Given records Start Marker
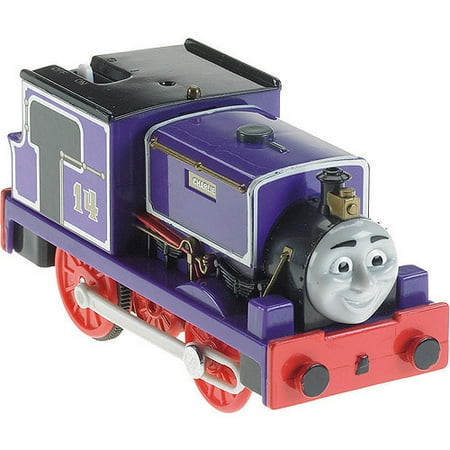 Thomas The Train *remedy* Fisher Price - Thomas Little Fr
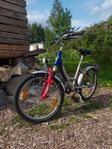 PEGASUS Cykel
Given records End Marker
Given records Start Marker
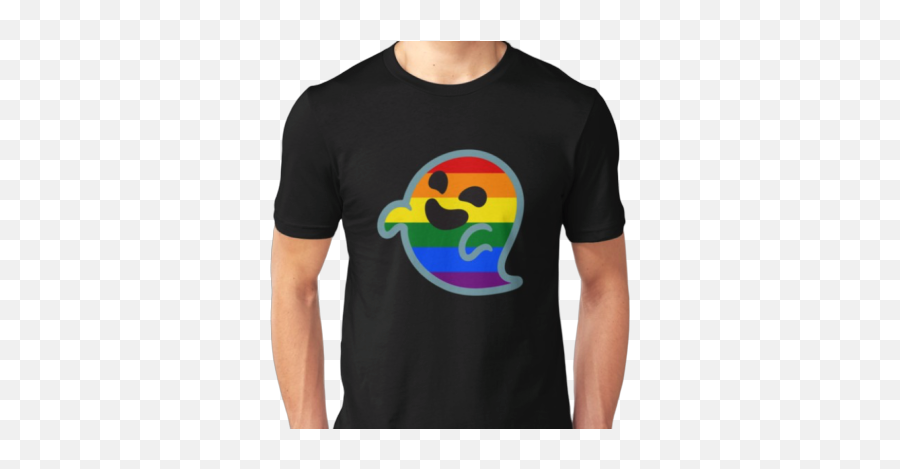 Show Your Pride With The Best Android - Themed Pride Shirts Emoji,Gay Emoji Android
Given records End Marker
▶ What this task involves
Reproduce the records above exactly, but only from the line with "Thomas The Train" up to and including the line with "PEGASUS Cykel". Leave the pictures out.

▶ Answer for this exercise
 Thomas The Train *remedy* Fisher Price - Thomas Little Fr
 PEGASUS Cykel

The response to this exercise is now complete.